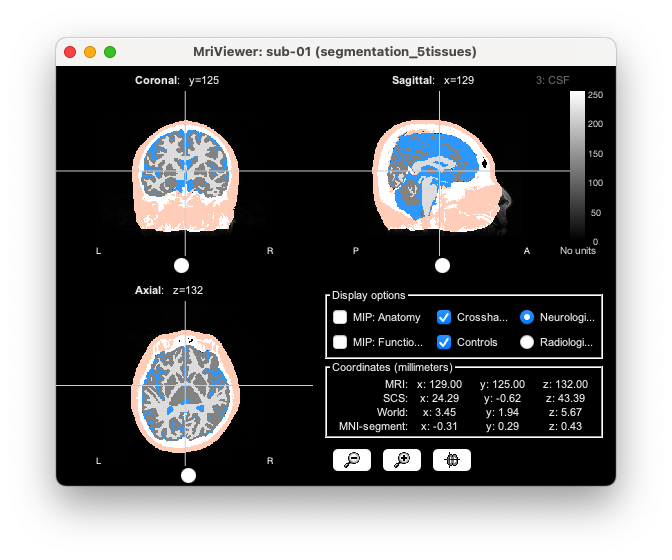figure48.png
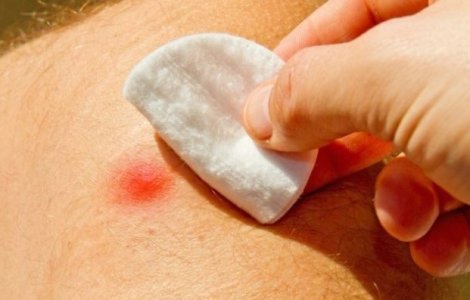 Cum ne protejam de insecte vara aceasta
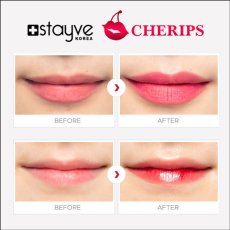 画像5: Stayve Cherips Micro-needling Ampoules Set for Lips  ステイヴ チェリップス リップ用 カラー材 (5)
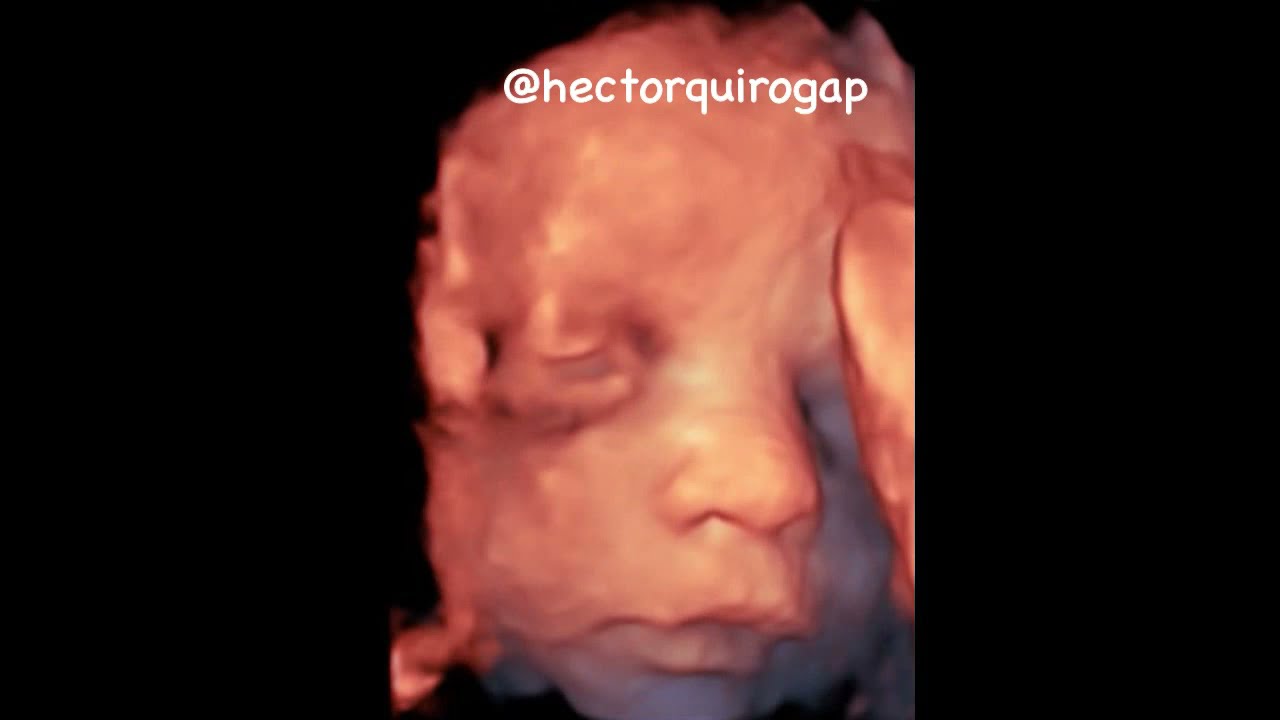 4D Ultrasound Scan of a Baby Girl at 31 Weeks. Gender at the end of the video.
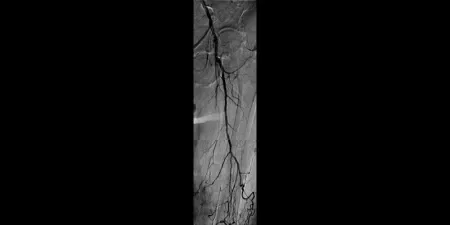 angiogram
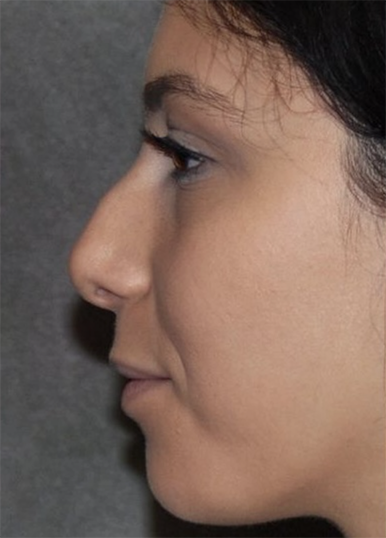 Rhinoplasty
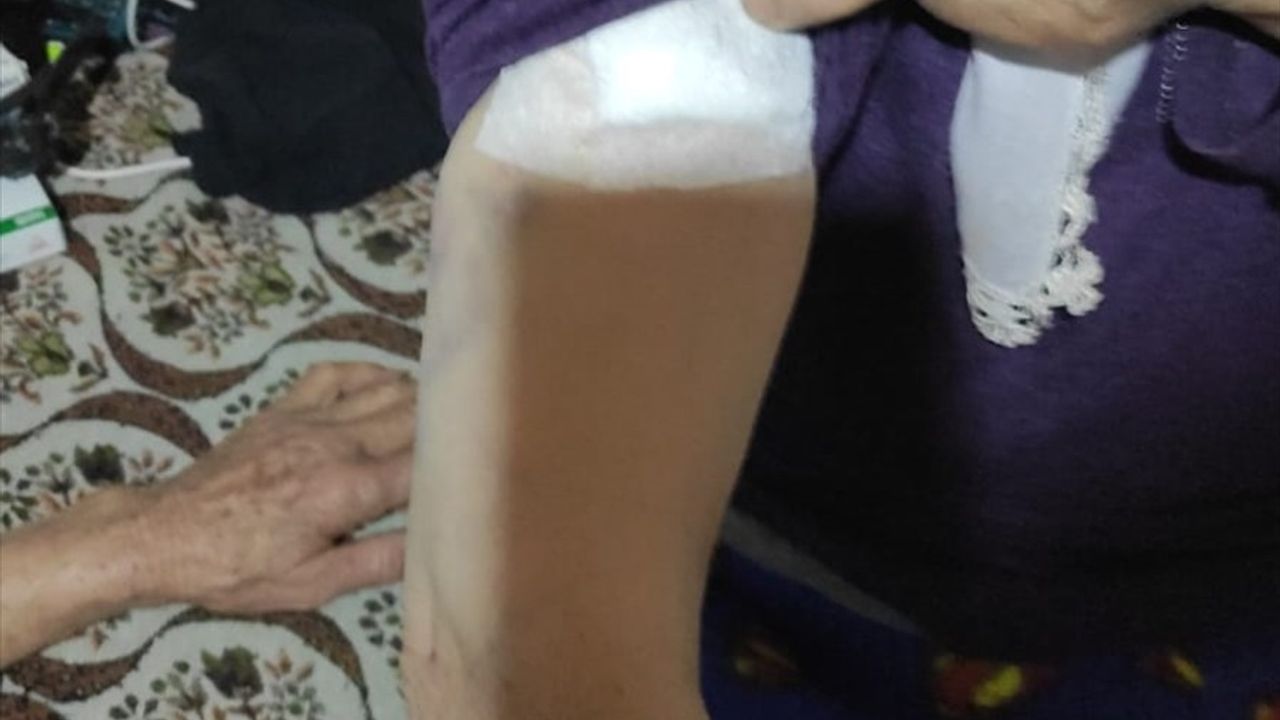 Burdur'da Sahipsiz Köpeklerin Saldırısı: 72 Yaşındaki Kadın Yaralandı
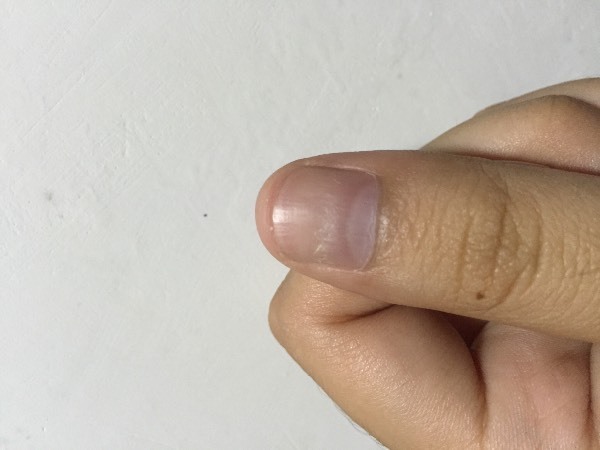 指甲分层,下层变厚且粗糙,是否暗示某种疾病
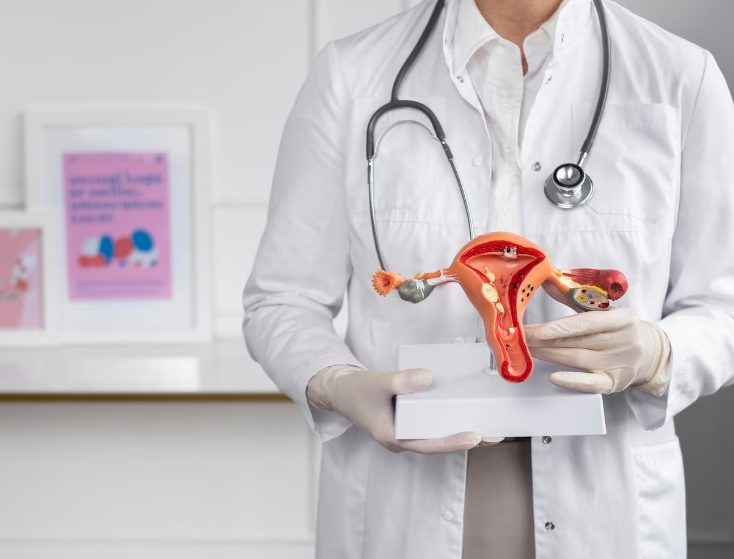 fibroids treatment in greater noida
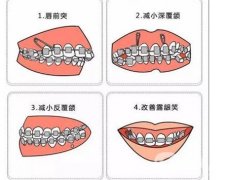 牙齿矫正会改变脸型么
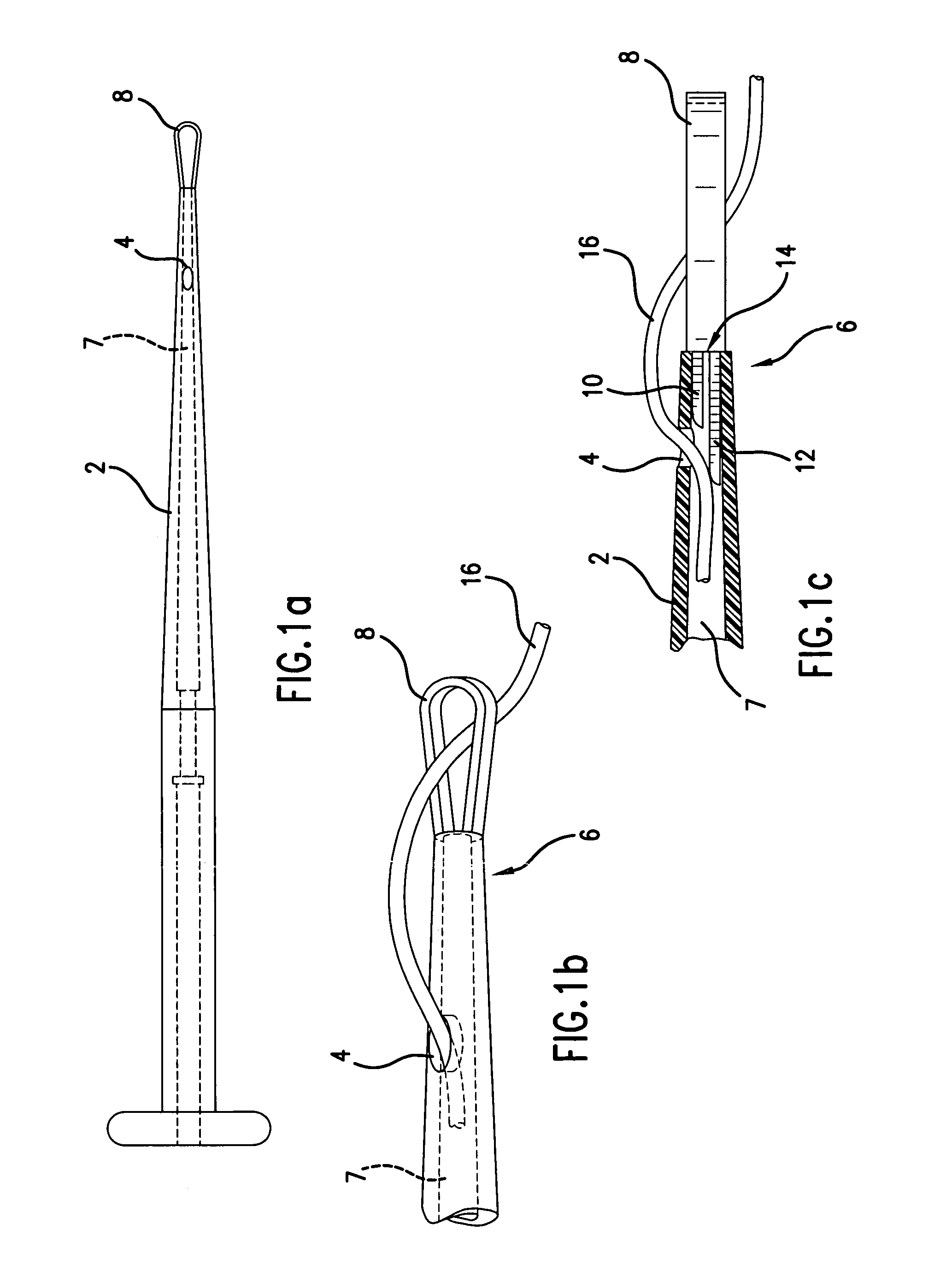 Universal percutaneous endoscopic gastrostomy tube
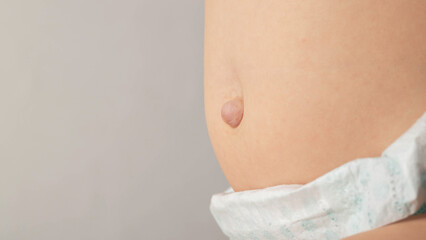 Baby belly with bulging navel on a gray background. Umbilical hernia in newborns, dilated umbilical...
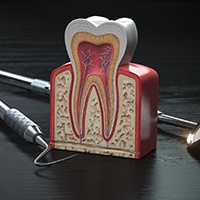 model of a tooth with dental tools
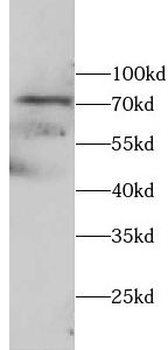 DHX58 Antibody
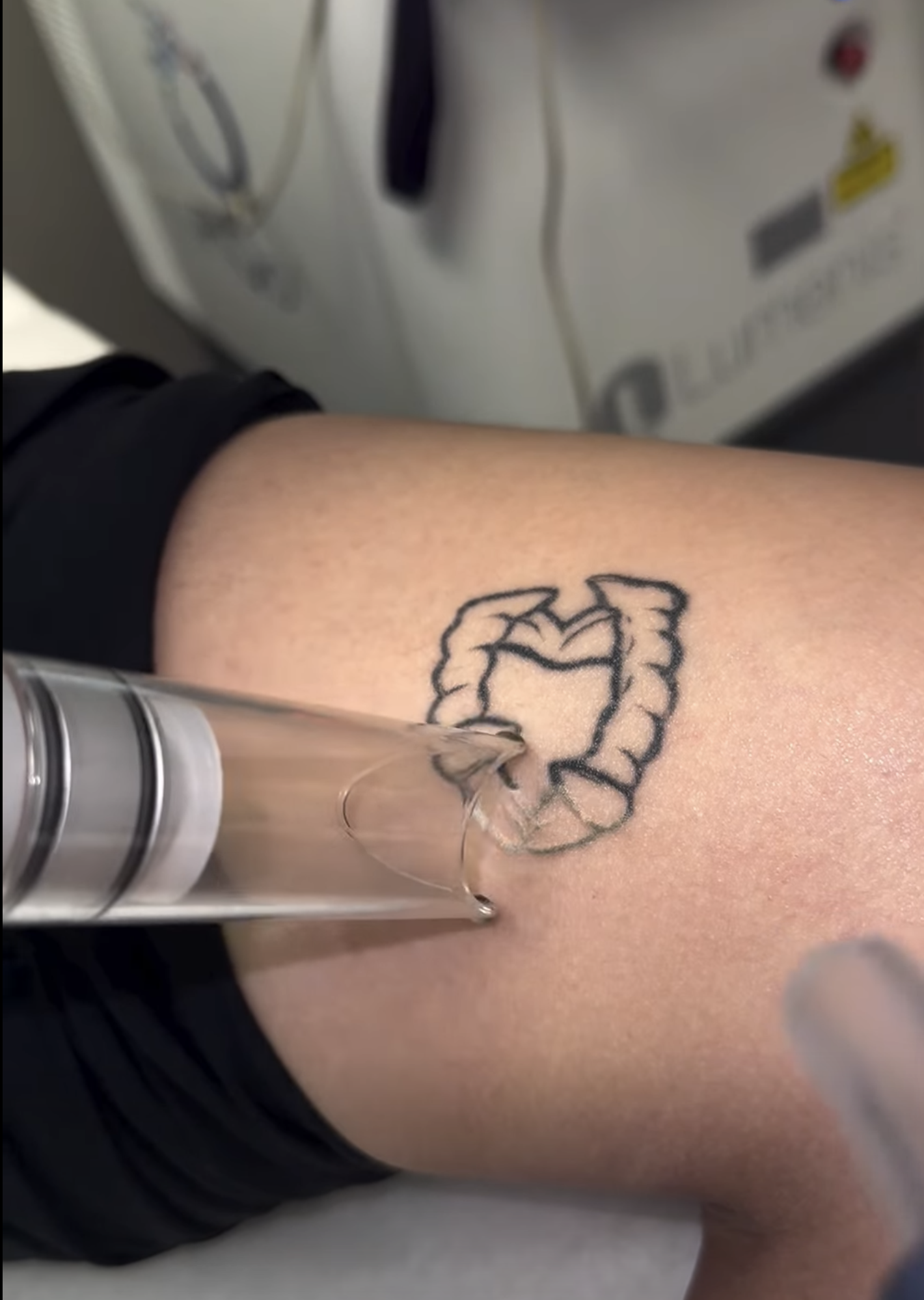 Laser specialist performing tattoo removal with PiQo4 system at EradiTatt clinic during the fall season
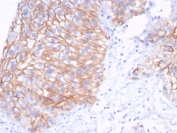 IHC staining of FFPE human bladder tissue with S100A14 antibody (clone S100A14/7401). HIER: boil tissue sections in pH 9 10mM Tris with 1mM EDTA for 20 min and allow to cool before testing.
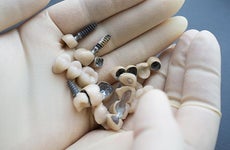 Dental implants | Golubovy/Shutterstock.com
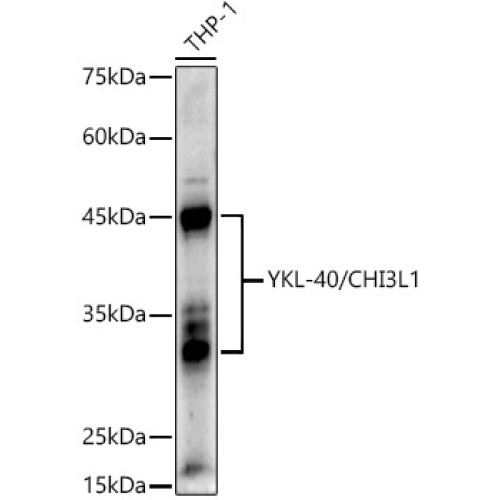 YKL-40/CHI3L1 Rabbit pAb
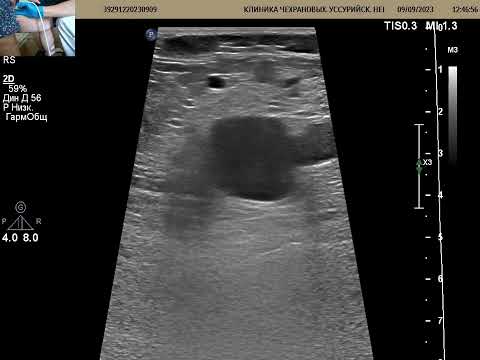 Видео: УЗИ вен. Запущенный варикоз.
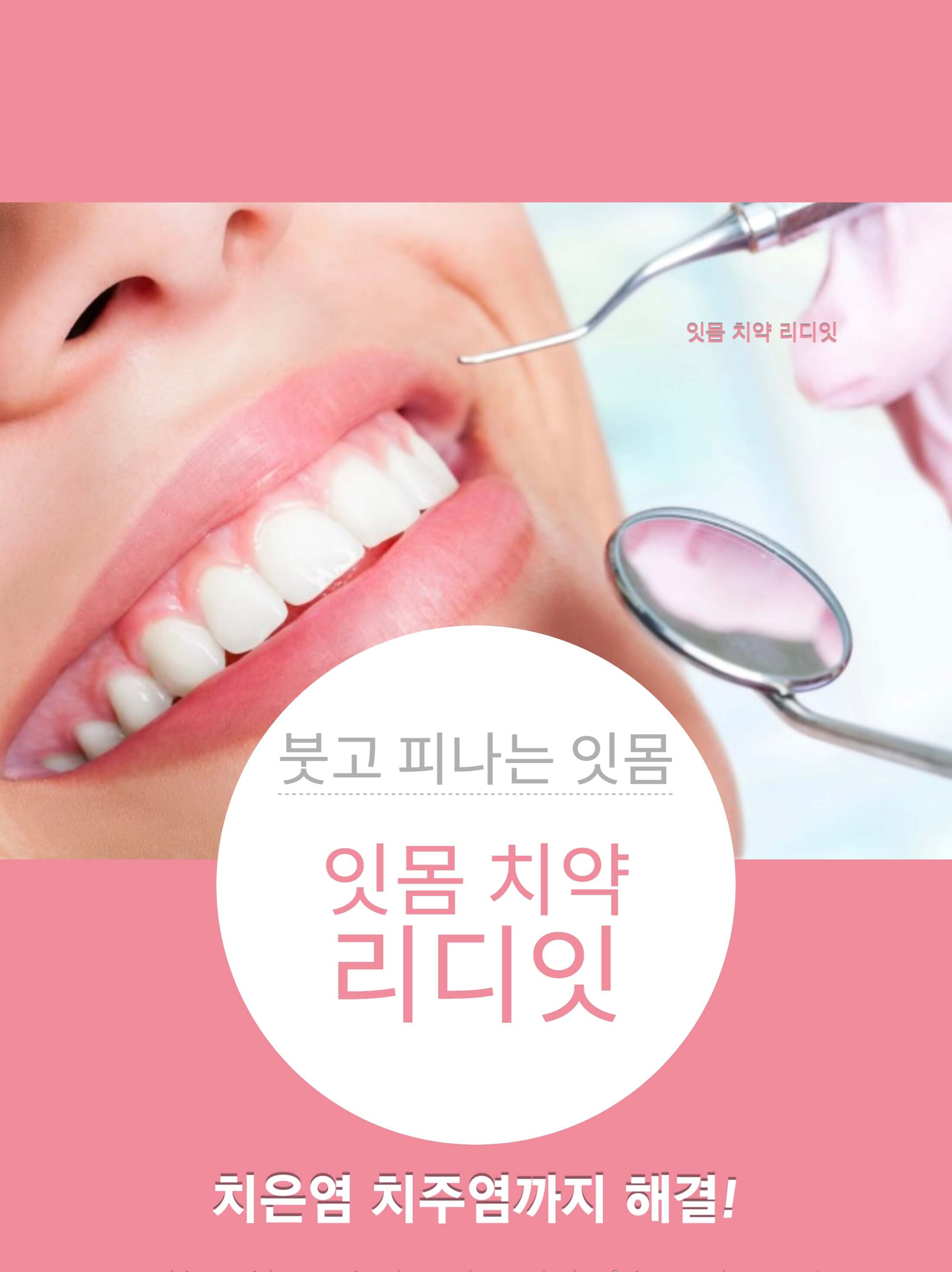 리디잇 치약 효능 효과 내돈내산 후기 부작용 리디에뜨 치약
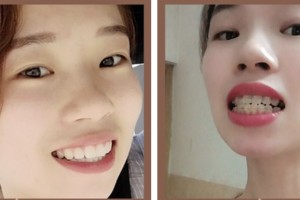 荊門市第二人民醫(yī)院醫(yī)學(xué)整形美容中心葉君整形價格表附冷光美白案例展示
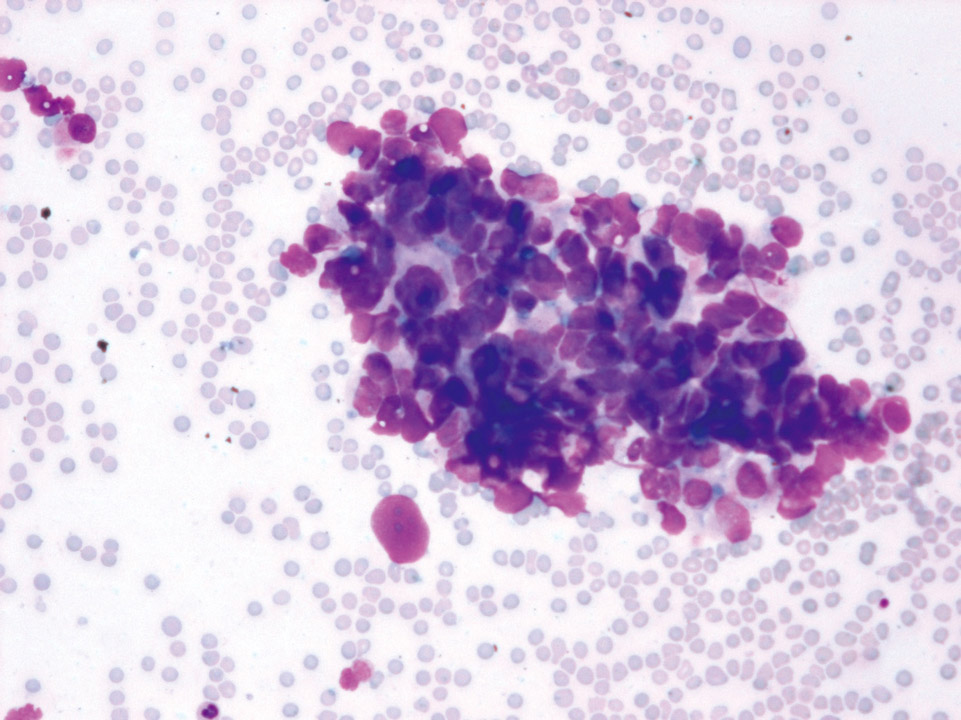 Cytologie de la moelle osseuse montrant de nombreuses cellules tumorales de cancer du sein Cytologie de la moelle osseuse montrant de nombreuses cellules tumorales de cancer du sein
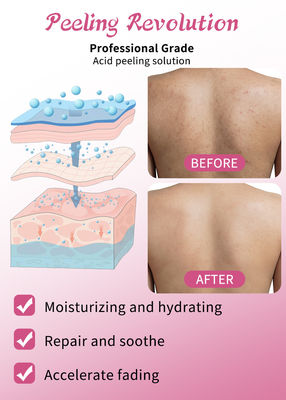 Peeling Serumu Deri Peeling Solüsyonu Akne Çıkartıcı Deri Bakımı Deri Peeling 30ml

Task details:
With every picture omitted, write out the material exactly from its first line through the line containing "YKL-40/CHI3L1 Rabbit pAb".

Response area:
figure48.png
 Cum ne protejam de insecte vara aceasta
 画像5: Stayve Cherips Micro-needling Ampoules Set for Lips  ステイヴ チェリップス リップ用 カラー材 (5)
 4D Ultrasound Scan of a Baby Girl at 31 Weeks. Gender at the end of the video.
 angiogram
 Rhinoplasty
 Burdur'da Sahipsiz Köpeklerin Saldırısı: 72 Yaşındaki Kadın Yaralandı
 指甲分层,下层变厚且粗糙,是否暗示某种疾病
 fibroids treatment in greater noida
 牙齿矫正会改变脸型么
 Universal percutaneous endoscopic gastrostomy tube
 Baby belly with bulging navel on a gray background. Umbilical hernia in newborns, dilated umbilical...
 model of a tooth with dental tools
 DHX58 Antibody
 Laser specialist performing tattoo removal with PiQo4 system at EradiTatt clinic during the fall season
 IHC staining of FFPE human bladder tissue with S100A14 antibody (clone S100A14/7401). HIER: boil tissue sections in pH 9 10mM Tris with 1mM EDTA for 20 min and allow to cool before testing.
 Dental implants | Golubovy/Shutterstock.com
 YKL-40/CHI3L1 Rabbit pAb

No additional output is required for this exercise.